The KEV listing lands against a backdrop of sustained targeting of on-prem SharePoint. Late last month Microsoft disclosed that a routine ransomware investigation uncovered two unrelated threat actors operating inside the same network at once, each deliberately working to complicate incident response and mask the true scope of the intrusion.

One cluster was attributed to Storm-2603, an actor that has deployed Warlock ransomware by exploiting known on-prem SharePoint flaws since mid-2025. In that case initial access was likely attempted through a separate bug, with the attacker probing for local file inclusion via requests for win.ini and web.config, evidence pointing to CVE-2025-11371 (CVSS 9.1) in Gladinet Triofox.
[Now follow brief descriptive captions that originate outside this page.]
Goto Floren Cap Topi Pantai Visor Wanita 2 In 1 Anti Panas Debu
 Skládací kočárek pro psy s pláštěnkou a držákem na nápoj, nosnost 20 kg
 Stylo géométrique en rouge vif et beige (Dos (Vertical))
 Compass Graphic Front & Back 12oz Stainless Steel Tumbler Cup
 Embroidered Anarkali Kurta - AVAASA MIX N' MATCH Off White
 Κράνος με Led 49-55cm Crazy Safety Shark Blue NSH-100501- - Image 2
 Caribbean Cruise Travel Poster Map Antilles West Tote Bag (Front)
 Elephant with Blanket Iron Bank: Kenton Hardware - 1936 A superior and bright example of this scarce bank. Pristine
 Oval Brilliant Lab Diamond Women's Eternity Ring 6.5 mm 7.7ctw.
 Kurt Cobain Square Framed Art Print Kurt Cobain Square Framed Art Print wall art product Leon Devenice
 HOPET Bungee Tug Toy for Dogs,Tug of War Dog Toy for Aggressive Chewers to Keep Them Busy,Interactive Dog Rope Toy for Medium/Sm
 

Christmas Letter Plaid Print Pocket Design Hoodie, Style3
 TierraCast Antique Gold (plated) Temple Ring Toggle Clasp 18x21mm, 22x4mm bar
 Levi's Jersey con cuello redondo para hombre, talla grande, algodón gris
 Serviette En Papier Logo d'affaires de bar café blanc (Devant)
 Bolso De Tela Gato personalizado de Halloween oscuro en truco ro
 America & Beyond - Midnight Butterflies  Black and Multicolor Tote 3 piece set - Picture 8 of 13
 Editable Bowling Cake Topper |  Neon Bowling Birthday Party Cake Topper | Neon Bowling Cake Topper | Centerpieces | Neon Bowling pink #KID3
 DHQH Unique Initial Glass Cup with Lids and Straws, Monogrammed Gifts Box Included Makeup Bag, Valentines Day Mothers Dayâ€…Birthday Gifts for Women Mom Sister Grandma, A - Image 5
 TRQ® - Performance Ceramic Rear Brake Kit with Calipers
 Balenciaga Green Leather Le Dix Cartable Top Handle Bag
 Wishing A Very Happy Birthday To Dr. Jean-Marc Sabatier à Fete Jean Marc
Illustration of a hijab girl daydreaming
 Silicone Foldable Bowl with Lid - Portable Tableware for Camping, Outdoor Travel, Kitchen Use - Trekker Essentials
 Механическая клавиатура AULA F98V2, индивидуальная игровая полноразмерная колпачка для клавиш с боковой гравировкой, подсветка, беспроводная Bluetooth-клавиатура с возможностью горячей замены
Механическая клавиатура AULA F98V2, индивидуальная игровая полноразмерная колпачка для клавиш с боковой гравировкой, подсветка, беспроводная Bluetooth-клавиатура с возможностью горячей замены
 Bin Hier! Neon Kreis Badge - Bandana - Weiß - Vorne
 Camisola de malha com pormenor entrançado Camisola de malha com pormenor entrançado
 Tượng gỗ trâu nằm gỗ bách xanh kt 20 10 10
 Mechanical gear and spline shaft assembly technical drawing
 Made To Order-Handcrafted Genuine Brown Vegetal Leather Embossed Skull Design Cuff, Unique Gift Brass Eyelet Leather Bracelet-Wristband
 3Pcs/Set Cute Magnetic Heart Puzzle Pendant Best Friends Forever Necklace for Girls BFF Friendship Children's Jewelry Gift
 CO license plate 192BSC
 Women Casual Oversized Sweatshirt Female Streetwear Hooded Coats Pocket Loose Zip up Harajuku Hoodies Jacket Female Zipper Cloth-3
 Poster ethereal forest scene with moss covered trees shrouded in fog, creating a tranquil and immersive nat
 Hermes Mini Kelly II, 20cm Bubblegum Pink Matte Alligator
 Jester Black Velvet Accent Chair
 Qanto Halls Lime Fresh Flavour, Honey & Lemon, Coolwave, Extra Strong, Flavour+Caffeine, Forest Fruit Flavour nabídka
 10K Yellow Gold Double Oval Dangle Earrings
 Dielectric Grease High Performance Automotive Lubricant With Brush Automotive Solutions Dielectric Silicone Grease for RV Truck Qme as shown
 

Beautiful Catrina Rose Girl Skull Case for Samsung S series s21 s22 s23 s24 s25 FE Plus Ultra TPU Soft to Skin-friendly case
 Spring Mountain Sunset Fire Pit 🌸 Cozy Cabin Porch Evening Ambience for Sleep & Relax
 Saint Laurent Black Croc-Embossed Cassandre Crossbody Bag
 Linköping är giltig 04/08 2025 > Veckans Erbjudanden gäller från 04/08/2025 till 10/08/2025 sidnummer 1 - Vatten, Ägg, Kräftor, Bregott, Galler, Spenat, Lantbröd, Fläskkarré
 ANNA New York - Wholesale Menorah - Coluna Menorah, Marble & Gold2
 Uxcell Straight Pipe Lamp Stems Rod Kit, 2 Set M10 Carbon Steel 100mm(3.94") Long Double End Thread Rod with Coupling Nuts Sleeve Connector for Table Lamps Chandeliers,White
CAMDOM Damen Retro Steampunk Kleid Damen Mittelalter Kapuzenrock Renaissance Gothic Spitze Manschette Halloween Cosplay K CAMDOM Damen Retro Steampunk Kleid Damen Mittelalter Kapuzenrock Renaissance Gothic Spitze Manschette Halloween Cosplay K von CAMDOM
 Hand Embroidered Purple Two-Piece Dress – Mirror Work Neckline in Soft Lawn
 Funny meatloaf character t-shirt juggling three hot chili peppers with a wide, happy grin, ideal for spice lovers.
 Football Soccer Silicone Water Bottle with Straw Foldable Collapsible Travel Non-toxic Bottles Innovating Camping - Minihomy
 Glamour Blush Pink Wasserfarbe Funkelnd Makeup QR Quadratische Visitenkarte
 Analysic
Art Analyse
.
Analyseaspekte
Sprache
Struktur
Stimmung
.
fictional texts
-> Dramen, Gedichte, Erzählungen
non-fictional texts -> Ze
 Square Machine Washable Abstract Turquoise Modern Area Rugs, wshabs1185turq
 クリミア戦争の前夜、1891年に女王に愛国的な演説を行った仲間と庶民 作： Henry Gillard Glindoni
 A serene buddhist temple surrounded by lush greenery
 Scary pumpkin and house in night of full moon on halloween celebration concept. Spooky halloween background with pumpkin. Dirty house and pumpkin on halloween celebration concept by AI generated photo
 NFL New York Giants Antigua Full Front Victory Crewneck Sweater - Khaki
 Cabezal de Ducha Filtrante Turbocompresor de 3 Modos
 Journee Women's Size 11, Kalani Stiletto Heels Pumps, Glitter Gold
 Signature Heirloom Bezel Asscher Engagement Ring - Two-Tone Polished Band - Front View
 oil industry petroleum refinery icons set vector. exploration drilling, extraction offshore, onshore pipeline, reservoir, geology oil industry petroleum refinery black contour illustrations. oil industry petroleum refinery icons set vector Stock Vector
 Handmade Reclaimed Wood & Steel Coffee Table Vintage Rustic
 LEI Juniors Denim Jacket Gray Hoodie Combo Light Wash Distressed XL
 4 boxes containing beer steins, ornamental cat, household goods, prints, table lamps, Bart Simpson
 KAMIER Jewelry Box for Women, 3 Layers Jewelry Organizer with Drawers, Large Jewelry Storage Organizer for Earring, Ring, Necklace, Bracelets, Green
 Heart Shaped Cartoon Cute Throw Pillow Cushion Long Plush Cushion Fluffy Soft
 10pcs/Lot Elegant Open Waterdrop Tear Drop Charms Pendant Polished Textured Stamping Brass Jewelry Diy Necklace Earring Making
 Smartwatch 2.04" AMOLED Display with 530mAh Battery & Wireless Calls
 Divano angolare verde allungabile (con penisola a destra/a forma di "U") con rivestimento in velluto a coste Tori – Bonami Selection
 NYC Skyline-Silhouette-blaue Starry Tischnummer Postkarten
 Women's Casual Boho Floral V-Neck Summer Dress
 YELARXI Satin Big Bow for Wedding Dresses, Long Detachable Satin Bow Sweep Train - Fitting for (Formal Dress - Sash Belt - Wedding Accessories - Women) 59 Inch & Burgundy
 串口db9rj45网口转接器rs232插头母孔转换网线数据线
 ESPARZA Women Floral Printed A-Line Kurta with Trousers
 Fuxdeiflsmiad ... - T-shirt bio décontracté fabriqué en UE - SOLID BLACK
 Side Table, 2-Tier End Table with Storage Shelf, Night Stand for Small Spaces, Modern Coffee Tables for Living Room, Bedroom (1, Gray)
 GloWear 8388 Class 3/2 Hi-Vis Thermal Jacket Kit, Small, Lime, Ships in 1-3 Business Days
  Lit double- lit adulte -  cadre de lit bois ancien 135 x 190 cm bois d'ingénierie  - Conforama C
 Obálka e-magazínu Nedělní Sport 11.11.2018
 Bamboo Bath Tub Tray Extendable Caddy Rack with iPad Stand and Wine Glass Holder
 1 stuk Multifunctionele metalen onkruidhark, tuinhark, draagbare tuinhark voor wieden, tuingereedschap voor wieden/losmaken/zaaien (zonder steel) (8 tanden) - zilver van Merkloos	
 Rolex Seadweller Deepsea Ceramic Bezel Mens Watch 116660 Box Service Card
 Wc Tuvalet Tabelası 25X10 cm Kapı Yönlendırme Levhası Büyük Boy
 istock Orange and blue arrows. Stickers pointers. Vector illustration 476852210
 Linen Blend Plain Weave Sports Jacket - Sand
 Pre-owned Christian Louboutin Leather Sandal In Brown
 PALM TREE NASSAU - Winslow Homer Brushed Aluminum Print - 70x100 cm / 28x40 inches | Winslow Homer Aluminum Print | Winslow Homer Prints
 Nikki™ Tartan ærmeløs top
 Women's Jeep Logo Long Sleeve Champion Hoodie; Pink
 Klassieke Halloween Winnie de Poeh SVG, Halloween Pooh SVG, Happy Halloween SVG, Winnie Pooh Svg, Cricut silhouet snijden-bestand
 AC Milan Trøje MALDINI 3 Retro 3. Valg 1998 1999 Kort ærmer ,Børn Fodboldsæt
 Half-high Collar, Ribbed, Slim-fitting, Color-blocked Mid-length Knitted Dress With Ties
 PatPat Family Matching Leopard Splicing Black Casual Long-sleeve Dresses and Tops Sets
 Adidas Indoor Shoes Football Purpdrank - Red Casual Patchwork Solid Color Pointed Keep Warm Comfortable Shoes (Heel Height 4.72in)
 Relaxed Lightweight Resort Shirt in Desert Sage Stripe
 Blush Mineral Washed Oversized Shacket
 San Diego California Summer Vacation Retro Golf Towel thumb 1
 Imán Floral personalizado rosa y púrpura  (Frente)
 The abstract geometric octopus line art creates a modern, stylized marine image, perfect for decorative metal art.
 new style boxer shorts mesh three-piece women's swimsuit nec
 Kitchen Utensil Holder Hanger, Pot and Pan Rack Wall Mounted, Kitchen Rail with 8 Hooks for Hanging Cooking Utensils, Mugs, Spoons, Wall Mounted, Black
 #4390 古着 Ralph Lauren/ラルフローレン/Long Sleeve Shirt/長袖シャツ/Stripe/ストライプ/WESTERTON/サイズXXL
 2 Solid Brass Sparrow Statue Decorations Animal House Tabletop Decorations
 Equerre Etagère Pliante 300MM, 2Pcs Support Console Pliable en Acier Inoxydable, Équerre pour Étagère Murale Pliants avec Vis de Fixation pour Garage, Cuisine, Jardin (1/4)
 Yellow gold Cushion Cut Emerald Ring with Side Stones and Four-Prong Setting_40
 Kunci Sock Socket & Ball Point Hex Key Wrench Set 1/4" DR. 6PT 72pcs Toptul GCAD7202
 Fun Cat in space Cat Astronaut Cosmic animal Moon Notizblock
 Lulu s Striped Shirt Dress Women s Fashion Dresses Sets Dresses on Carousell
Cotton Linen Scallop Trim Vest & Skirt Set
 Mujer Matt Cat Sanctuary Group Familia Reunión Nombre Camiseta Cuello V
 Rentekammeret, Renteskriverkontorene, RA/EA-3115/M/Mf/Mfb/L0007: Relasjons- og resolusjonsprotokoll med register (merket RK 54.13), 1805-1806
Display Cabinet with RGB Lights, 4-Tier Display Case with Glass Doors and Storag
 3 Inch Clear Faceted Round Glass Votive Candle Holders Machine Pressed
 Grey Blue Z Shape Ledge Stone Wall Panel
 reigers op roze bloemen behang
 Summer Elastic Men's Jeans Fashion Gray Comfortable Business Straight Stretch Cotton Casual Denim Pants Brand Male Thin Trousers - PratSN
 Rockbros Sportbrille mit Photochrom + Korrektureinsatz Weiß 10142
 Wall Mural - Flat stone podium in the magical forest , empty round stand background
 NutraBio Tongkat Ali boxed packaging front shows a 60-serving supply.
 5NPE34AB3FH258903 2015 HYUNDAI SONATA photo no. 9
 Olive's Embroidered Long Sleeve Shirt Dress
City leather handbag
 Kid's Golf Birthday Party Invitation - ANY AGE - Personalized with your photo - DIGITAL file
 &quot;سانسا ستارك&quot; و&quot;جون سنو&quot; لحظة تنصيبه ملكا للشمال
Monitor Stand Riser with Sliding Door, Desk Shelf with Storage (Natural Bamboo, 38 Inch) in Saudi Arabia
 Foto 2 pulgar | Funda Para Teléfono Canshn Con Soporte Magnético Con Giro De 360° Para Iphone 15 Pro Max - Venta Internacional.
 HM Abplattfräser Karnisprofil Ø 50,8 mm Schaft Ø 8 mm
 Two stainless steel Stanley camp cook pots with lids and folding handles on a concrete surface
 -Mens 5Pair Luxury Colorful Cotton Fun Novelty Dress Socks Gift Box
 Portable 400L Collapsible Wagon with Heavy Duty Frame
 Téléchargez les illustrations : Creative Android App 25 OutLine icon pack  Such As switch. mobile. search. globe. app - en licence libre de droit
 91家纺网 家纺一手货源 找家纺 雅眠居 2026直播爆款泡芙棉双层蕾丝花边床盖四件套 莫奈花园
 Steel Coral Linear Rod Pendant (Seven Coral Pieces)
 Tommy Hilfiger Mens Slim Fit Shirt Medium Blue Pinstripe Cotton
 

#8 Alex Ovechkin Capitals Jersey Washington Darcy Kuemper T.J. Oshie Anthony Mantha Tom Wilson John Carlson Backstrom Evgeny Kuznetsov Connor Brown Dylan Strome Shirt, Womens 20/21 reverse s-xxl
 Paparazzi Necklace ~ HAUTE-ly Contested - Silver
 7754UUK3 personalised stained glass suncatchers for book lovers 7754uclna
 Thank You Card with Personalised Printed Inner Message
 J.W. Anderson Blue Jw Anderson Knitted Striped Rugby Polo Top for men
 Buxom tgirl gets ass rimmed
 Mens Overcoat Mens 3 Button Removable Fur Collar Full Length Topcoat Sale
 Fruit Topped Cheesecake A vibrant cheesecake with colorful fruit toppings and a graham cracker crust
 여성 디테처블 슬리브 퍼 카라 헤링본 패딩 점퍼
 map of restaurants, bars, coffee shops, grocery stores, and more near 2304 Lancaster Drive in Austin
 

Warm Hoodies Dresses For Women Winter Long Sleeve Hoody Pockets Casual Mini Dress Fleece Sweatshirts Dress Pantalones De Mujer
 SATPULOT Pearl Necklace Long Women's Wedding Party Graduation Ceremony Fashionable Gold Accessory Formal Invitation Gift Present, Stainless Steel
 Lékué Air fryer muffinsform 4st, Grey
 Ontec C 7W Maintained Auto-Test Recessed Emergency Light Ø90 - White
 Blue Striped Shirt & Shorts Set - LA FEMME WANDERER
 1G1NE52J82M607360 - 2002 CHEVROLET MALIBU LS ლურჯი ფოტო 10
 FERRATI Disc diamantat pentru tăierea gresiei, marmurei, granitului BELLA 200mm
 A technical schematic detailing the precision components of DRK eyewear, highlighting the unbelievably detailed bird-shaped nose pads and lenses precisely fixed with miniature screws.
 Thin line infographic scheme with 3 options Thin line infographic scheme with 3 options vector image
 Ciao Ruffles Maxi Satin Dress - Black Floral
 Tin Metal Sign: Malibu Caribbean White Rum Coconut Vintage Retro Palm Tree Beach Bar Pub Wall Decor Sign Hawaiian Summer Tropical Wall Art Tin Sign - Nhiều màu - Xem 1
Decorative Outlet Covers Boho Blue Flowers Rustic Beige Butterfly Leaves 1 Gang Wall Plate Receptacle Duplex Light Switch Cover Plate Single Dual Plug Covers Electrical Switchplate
Post-access tradecraft is worth noting because it shows what follows an RCE foothold. Storm-2603 deployed Velociraptor to blend into trusted admin activity, opened multiple remote access channels through Cloudflare tunneling, Zoho Assist, and SSH configured via Visual Studio Code, and created new local and domain administrator accounts. A vulnerable driver, NSecKrnl.sys, was abused to tamper with endpoint protections and cut defender visibility.

Assume the intrusion is bigger than the first alert — Microsoft found a second, unrelated actor in the same environment using DLL side-loading and custom backdoors, and confirmed lateral movement into a second organization. As their IR team put it: isolated signals rarely tell the full story. Scope every SharePoint compromise beyond the initial host.

What to do now

  • Apply the May 2026 SharePoint update immediately if you have not; verify build numbers rather than trusting patch-management dashboards.
  • Treat the July 4 FCEB deadline as your own hard cutoff regardless of sector.
  • Audit Site Member and higher grants; strip standing access from accounts that do not need it and reduce your PR:L exploitation surface.
  • Hunt for the Storm-2603 markers: rogue local/domain admin accounts, Velociraptor, Cloudflare tunnels, Zoho Assist, SSH-over-VS-Code, and the NSecKrnl.sys driver.
  • Restrict internet exposure of SharePoint where possible and put it behind authentication proxies or VPN.
  • If you find one intruder, scope for a second and check adjacent organizations you trust or connect to.

The pattern here is familiar and getting worse: a mid-severity vendor rating, a quiet patch, then confirmed exploitation once defenders assume the risk is theoretical. On-prem SharePoint keeps proving to be high-value, network-adjacent, and under-patched. CVE-2026-45659 is your prompt to close that gap before a ransomware crew does it for you.